TASK TO COMPLETE: Please give all of the data again, character for character, and drop the pictures.

★ ★ ★

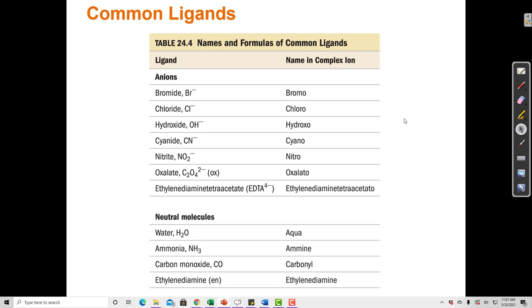Here is a table of common ligands and their names in a complex ion. If we see bromide, chloride, or hydroxide ligands as part of the complex ion, they have a different name when inside the complex. The anion Br⁻ by itself is called bromide, but in the complex ion it's called bromo. And Cl⁻ is chloro, hydroxyl, cyano, nitro, oxalato, ethylenediamine, tetraacetato.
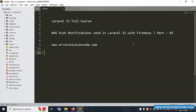Hello everyone, my channel Error Solution. Today I am discussing Laravel 11 full course. On this part 46, push notification send in Laravel 11 with Firebase, and this is part 2. This is my official website www.error-solution-code.com. Let's start this video.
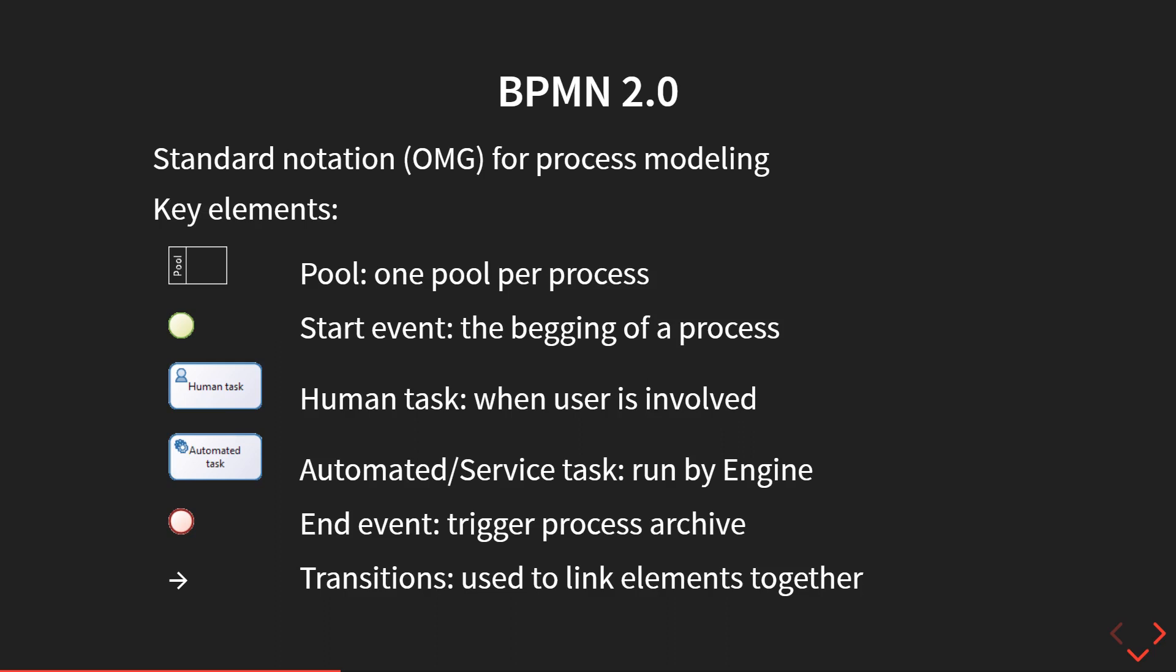Or you have automated tasks that are fully executed by the Bonita engine. They're used, for example, to run a connector that will interact with a third party system, like calling an API in the cloud, uploading a file, or processing a file.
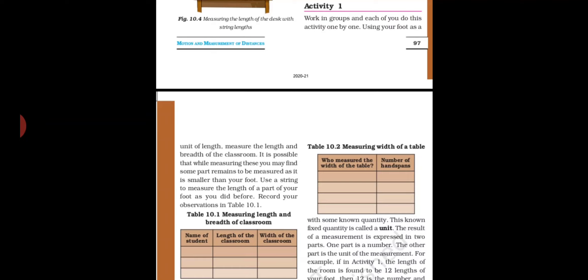First, place your right foot on the floor, then your left foot, then right, then left — continuously repeat this to measure the length of the room. You will get a number and a unit.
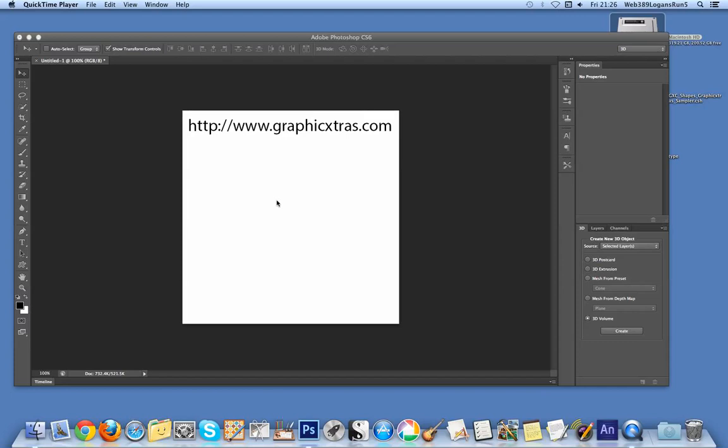In this tutorial, I'll show you how to use custom shapes from Graphic Extras and other sources in the new 3D features in Photoshop CS6. CS5 Extended also has this capability, but there have been quite a few changes since CS5.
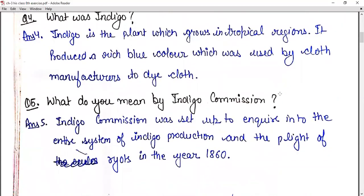Question number five: what do you mean by the Indigo Commission? The Indigo Commission was set up to inquire into the entire system of indigo production and the plight of the ryots in the year 1860.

★ ★ ★

RESULT OF THIS TASK:
Here is a table of common ligands and their names in a complex ion. If we see bromide, chloride, or hydroxide ligands as part of the complex ion, they have a different name when inside the complex. The anion Br⁻ by itself is called bromide, but in the complex ion it's called bromo. And Cl⁻ is chloro, hydroxyl, cyano, nitro, oxalato, ethylenediamine, tetraacetato.
Hello everyone, my channel Error Solution. Today I am discussing Laravel 11 full course. On this part 46, push notification send in Laravel 11 with Firebase, and this is part 2. This is my official website www.error-solution-code.com. Let's start this video.
Or you have automated tasks that are fully executed by the Bonita engine. They're used, for example, to run a connector that will interact with a third party system, like calling an API in the cloud, uploading a file, or processing a file.
First, place your right foot on the floor, then your left foot, then right, then left — continuously repeat this to measure the length of the room. You will get a number and a unit.
In this tutorial, I'll show you how to use custom shapes from Graphic Extras and other sources in the new 3D features in Photoshop CS6. CS5 Extended also has this capability, but there have been quite a few changes since CS5.
Question number five: what do you mean by the Indigo Commission? The Indigo Commission was set up to inquire into the entire system of indigo production and the plight of the ryots in the year 1860.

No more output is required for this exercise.